Leaving out the images, please output every entry exactly as it appears.

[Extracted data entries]
----

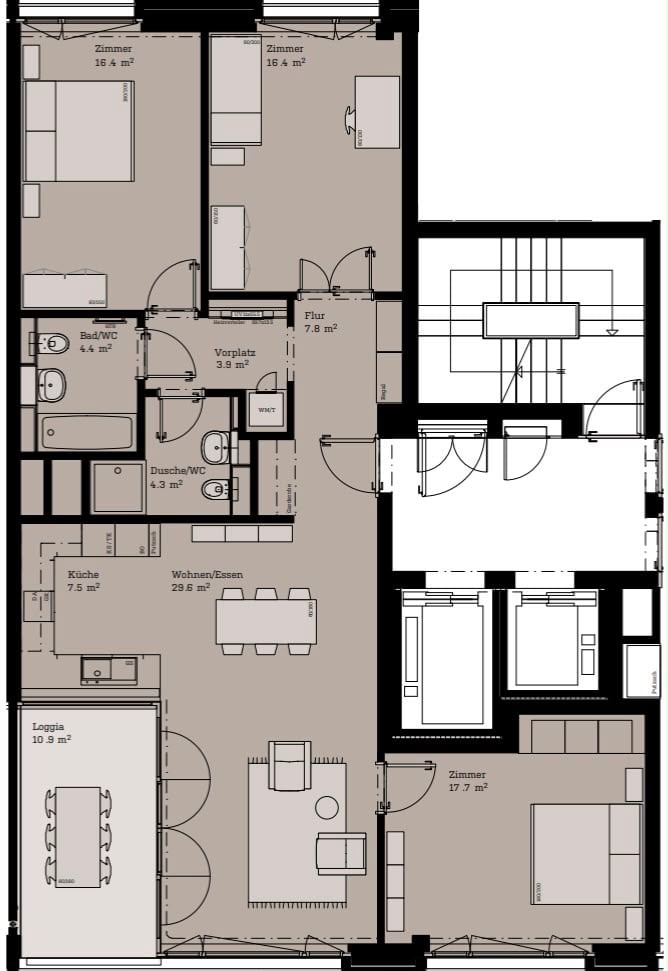 Zimmer in einer WG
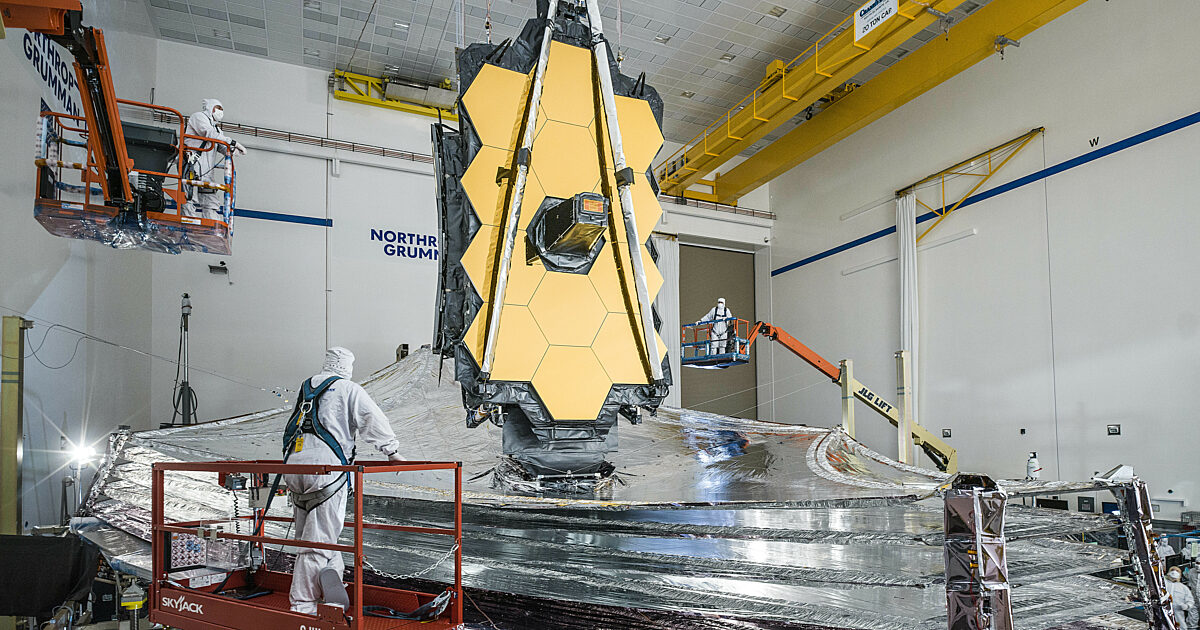 Webb discount telescope cost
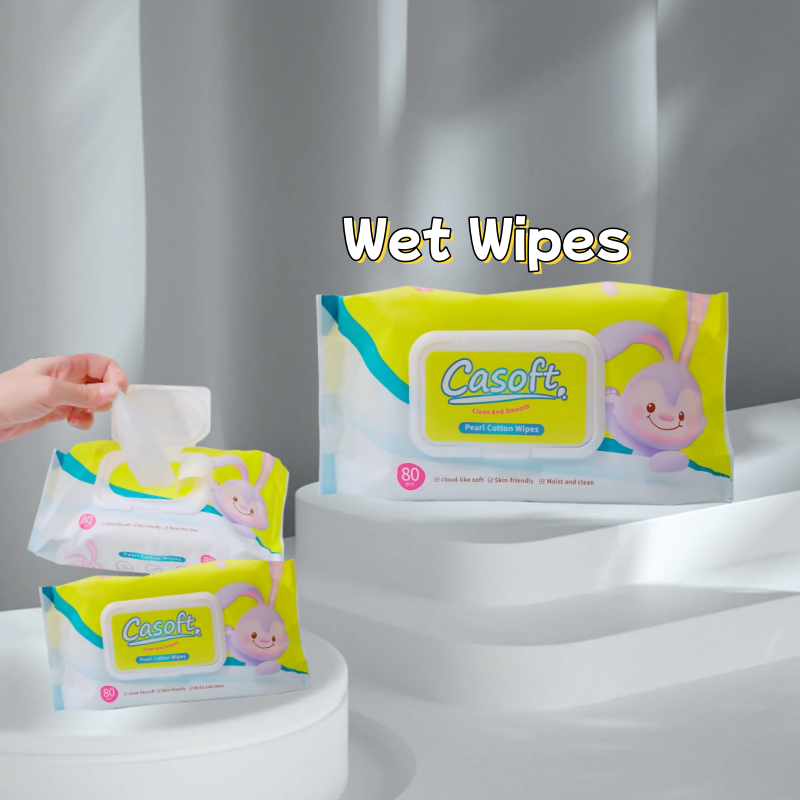 Wet Wipes Supplier - Eco-friendly Unscented Disposable Flushable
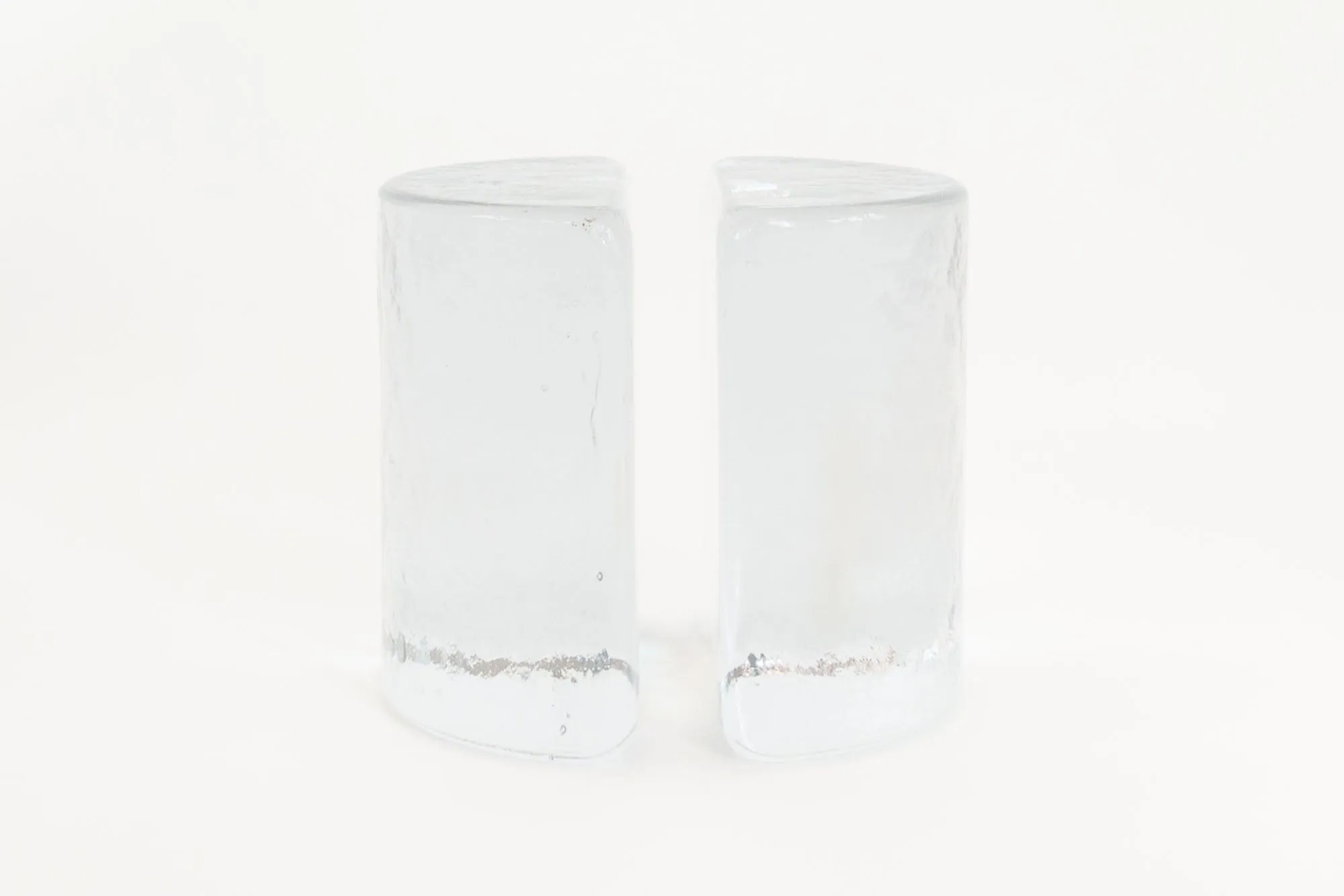 Blenko Glass Bookends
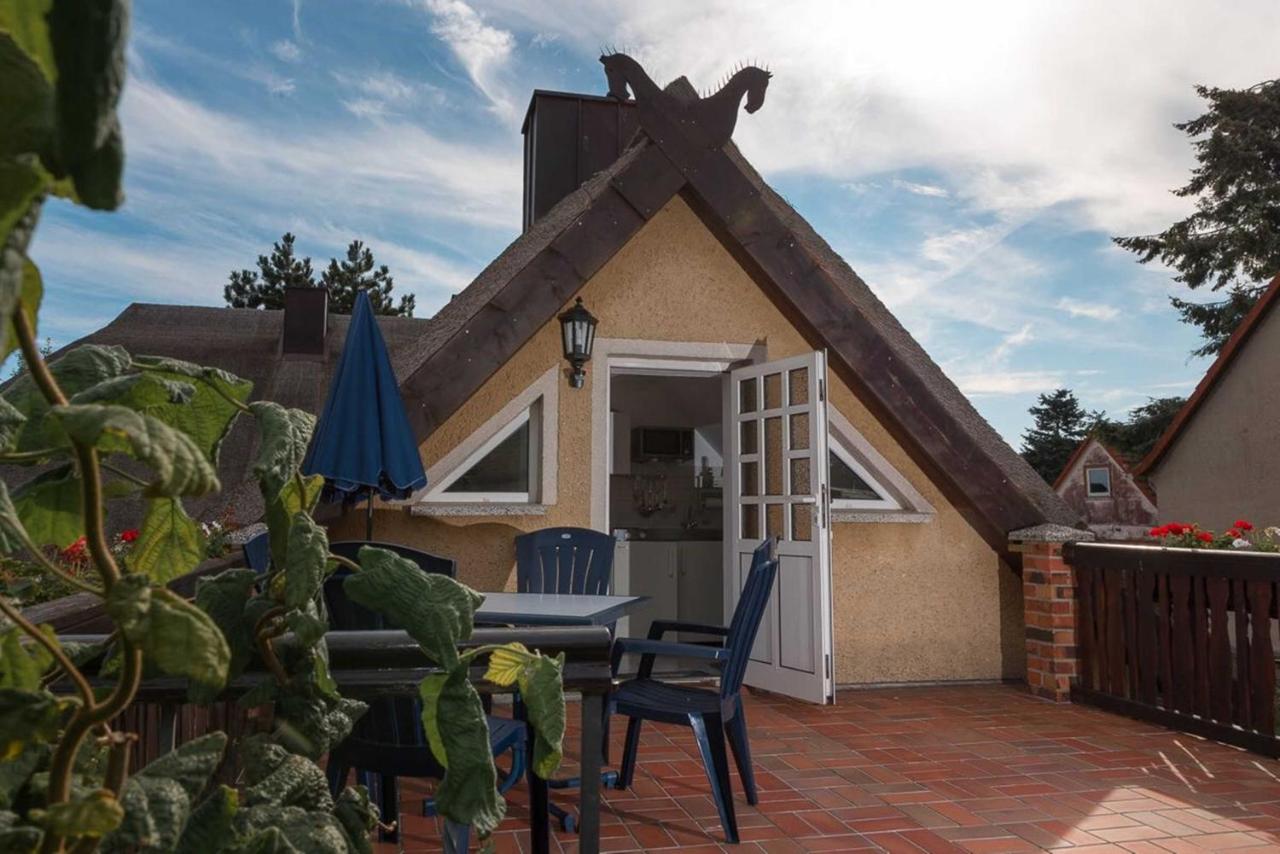 Ferienwohnung im Reetdachhaus - Ferienwohnung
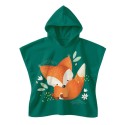 Badeponcho Kinder Crunchy der Fuchs
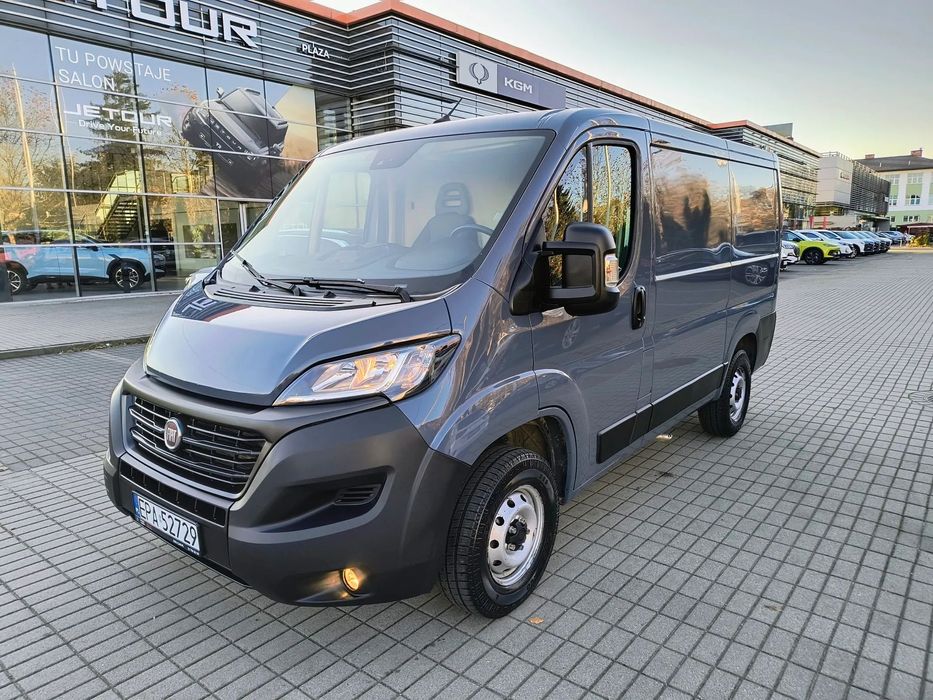 Fiat NOWA LOKALIZACJA Fiat Ducato L1H1 2.3 cdti 120KM Kamera Serwis VAT23%  NOWA LOKALIZACJA Fiat Ducato 2.3 dci L1H1Bardzo Niski Przebieg Kamera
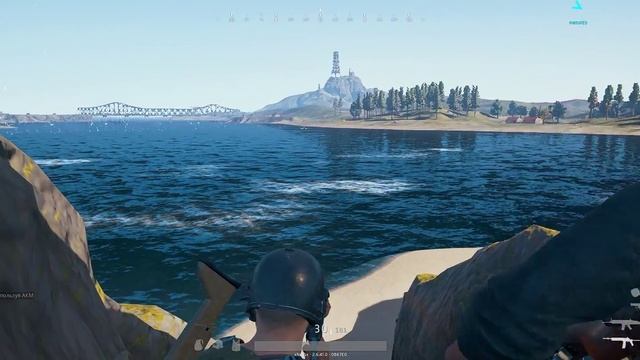 PLAYERUNKNOWN'S BATTLEGROUNDS: Одно убийство | Снято с помощью GeForce GTX смотреть онлайн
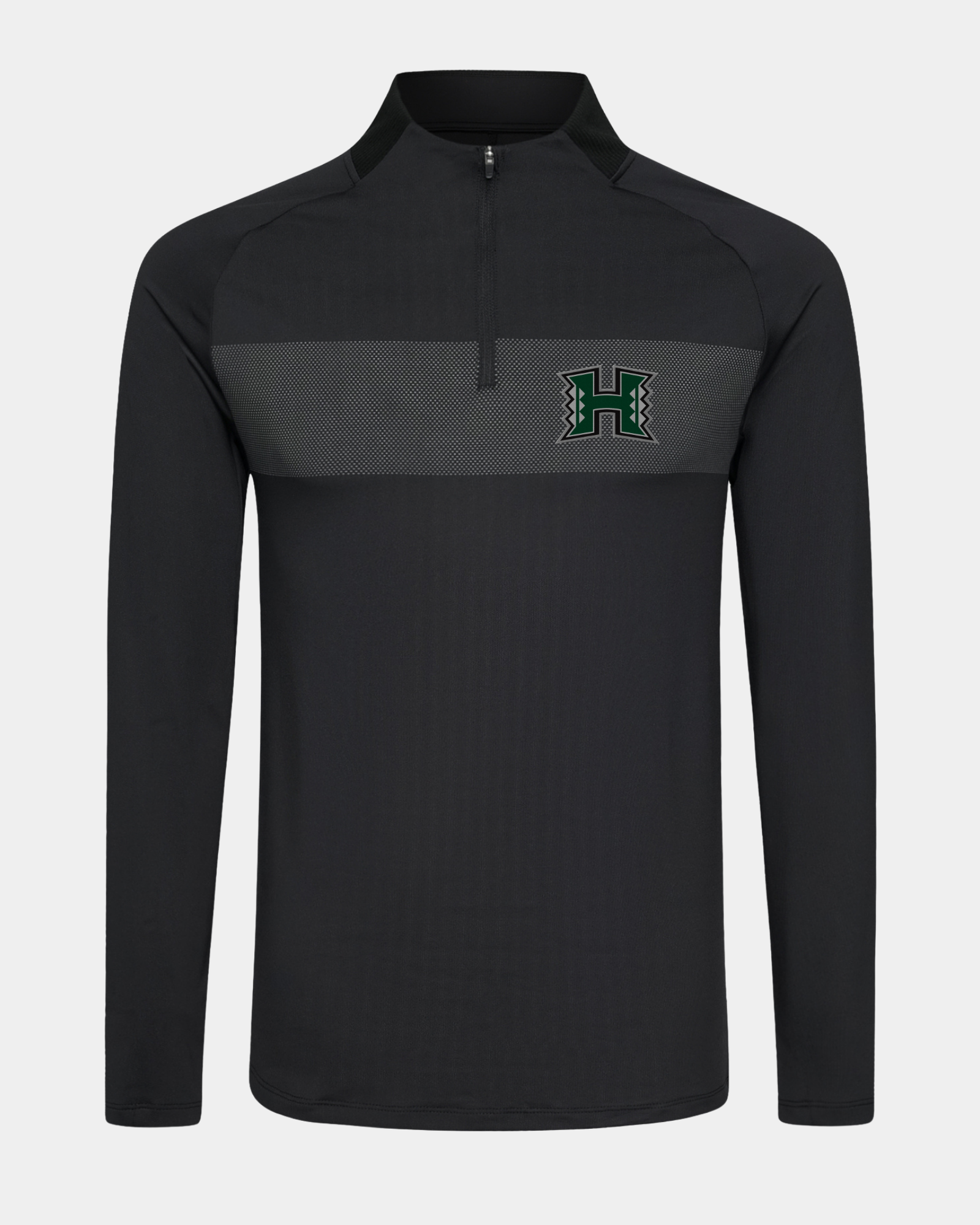 University of Hawaii Apex 2.0 Black Pullover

----

EXPECTED ANSWER:
 Zimmer in einer WG
 Webb discount telescope cost
 Wet Wipes Supplier - Eco-friendly Unscented Disposable Flushable
 Blenko Glass Bookends
 Ferienwohnung im Reetdachhaus - Ferienwohnung
 Badeponcho Kinder Crunchy der Fuchs
 Fiat NOWA LOKALIZACJA Fiat Ducato L1H1 2.3 cdti 120KM Kamera Serwis VAT23%  NOWA LOKALIZACJA Fiat Ducato 2.3 dci L1H1Bardzo Niski Przebieg Kamera
 PLAYERUNKNOWN'S BATTLEGROUNDS: Одно убийство | Снято с помощью GeForce GTX смотреть онлайн
 University of Hawaii Apex 2.0 Black Pullover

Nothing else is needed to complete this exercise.